For those who do earn enough to afford to live on half, marketing and peer pressure are powerful, and embodying the image we want to portray to the world can be costly.
FIRE is, and will be for the foreseeable future, for a fairly small subset of the population, but that doesn’t mean it won’t be better understood and recognized by the public in general.
Ten years ago, people who retired early may not have known of anyone else doing the same. Five years ago, they were connected by the forums and blogs and realized others were living similar lives.
Today, the benefits of living well beneath your means to achieve financial freedom are recognized by millions of people who are making meaningful changes in their lives in this pursuit. This site alone has had over a million visitors in its first three years, and I think Mr. Money Mustache sees that many users in a normal month.
The terminology may change. The more time I’ve spent reading, writing, and reflecting, the more emphasis I place on the first two letters (FI) and the less I place on retiring early. For me and for many, it’s not so much about quitting a job as it is about being positioned to spend your days and years as you please, with or without doing anything that could be considered work.

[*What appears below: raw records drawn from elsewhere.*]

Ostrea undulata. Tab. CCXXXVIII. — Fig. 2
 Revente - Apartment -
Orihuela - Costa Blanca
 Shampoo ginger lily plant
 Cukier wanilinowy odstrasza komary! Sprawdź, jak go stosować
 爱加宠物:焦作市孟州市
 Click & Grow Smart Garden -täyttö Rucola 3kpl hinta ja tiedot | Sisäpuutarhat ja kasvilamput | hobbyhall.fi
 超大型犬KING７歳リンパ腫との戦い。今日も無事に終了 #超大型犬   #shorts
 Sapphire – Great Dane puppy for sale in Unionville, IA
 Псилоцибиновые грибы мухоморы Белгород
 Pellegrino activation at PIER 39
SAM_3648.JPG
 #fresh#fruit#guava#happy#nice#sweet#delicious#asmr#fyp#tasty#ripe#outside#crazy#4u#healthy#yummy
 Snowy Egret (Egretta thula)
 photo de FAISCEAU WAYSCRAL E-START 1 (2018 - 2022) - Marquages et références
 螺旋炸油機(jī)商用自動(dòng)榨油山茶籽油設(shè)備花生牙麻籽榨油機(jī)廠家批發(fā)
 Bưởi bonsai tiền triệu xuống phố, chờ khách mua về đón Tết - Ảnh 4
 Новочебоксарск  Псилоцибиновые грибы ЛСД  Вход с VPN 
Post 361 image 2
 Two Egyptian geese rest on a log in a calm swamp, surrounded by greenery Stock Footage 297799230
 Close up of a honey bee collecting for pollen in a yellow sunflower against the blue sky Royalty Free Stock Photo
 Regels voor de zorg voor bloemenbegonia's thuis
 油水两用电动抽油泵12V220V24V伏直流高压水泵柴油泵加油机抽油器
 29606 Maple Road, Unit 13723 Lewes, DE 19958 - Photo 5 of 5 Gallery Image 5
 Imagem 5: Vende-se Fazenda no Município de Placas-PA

We may eventually see communities heavily populated with early retirees. Mr. Money Mustache has talked about planning the ideal city for the active, civic-minded, environmentally friendly early retiree. I’ve got a friend in Georgia working to slowly transform a neighborhood of low-cost single-family homes into an enclave for FIRE devotees.
Finally, I think we can expect to see great things from some of today’s early retirees. If a person can earn and save enough to take care of herself and her family in just 10 or 15 years, what do you suppose she’s capable of in the next 10, 15, or 50 years?